■ HOW TO COMPLETE THIS TASK ■
Return only that part of the material below which starts with the line containing "Tractor New Holland TVT135" and goes on through the line containing "Schröder tras el", restated exactly.
↓↓↓
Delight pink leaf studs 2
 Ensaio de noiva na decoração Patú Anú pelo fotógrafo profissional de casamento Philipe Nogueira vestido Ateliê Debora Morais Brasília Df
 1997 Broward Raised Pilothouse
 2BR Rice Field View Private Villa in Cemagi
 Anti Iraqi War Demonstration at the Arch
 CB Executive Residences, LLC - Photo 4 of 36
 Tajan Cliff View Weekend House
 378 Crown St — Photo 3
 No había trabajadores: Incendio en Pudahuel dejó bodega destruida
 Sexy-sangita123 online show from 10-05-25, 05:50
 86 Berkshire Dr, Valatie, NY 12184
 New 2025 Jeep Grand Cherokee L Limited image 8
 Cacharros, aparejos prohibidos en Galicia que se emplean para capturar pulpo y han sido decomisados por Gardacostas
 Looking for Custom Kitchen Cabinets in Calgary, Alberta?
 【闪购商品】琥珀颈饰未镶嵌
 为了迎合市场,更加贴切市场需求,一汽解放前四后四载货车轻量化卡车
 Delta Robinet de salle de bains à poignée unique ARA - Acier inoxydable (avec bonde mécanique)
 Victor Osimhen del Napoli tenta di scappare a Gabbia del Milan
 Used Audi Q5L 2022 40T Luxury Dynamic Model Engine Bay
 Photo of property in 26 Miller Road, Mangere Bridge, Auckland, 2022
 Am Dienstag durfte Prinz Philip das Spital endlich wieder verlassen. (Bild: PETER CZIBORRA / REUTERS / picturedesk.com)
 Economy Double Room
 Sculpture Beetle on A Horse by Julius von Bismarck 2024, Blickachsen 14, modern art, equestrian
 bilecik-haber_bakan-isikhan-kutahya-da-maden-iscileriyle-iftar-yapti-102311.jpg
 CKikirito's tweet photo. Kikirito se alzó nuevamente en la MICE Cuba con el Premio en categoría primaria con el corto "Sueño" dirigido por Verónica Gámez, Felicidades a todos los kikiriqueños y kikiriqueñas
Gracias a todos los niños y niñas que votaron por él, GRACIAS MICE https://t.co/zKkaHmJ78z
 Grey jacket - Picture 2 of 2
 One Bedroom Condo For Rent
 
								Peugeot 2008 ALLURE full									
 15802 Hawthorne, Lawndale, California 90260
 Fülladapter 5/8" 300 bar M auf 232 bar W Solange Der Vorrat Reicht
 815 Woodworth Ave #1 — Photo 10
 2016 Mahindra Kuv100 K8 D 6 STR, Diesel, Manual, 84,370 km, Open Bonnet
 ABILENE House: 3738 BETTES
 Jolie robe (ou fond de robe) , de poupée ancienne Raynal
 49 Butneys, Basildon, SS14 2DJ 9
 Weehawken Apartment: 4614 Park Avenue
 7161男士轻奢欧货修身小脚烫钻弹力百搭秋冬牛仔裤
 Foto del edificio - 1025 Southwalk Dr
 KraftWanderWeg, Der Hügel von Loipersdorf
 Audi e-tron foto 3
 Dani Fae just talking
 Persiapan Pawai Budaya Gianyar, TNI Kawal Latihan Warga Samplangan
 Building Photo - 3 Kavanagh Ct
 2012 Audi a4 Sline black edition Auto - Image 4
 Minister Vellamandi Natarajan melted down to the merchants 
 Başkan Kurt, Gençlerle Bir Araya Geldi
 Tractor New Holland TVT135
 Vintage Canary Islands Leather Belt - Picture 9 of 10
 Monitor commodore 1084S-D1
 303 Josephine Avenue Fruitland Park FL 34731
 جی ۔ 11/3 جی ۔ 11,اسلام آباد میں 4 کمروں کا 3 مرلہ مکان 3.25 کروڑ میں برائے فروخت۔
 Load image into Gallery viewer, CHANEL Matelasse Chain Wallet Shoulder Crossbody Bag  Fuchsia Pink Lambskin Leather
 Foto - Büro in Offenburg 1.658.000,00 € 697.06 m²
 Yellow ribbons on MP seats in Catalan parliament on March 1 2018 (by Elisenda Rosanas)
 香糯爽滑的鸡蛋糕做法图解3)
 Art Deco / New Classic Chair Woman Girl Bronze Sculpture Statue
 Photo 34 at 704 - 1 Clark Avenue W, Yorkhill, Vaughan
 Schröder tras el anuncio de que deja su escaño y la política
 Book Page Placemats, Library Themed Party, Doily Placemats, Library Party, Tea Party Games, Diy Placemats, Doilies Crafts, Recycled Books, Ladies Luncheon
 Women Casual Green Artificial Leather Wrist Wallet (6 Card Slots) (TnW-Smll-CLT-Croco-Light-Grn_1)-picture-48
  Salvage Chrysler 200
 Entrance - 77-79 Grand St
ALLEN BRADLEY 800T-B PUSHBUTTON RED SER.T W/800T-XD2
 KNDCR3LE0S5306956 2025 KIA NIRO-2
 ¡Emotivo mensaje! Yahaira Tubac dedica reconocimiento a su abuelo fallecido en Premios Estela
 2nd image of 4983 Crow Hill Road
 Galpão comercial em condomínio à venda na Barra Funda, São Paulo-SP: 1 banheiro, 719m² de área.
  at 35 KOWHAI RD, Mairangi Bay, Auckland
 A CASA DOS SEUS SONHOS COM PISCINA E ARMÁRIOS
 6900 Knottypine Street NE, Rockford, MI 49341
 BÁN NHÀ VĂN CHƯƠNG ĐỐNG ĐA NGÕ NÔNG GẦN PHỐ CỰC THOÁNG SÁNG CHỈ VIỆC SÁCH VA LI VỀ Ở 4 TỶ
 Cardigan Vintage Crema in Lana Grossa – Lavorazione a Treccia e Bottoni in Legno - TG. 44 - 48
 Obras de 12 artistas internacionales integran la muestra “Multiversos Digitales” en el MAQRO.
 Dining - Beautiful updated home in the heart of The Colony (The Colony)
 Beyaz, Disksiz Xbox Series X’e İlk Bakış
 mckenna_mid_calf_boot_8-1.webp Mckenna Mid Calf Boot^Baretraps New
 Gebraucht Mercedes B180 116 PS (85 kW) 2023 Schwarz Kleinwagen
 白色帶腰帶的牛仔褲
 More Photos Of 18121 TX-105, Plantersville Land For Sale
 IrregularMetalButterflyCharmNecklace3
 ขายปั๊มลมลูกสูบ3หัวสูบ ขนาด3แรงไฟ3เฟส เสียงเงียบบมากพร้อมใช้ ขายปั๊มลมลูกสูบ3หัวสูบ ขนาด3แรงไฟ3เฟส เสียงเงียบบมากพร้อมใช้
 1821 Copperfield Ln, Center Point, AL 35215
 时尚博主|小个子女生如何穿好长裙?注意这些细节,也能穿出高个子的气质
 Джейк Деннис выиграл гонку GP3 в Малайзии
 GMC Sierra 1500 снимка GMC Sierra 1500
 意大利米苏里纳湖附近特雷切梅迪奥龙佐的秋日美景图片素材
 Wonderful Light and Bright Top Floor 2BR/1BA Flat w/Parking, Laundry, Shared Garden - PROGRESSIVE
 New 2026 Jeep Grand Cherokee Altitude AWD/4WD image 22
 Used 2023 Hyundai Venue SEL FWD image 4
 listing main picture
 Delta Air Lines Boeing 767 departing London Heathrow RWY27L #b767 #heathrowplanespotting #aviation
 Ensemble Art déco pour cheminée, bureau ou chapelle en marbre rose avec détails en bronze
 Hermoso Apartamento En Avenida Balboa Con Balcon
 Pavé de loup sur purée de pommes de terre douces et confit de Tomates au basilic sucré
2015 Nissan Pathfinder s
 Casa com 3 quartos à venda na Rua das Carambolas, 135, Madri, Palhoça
↑↑↑
■ YOUR RESPONSE ■
 Tractor New Holland TVT135
 Vintage Canary Islands Leather Belt - Picture 9 of 10
 Monitor commodore 1084S-D1
 303 Josephine Avenue Fruitland Park FL 34731
 جی ۔ 11/3 جی ۔ 11,اسلام آباد میں 4 کمروں کا 3 مرلہ مکان 3.25 کروڑ میں برائے فروخت۔
 Load image into Gallery viewer, CHANEL Matelasse Chain Wallet Shoulder Crossbody Bag  Fuchsia Pink Lambskin Leather
 Foto - Büro in Offenburg 1.658.000,00 € 697.06 m²
 Yellow ribbons on MP seats in Catalan parliament on March 1 2018 (by Elisenda Rosanas)
 香糯爽滑的鸡蛋糕做法图解3)
 Art Deco / New Classic Chair Woman Girl Bronze Sculpture Statue
 Photo 34 at 704 - 1 Clark Avenue W, Yorkhill, Vaughan
 Schröder tras el anuncio de que deja su escaño y la política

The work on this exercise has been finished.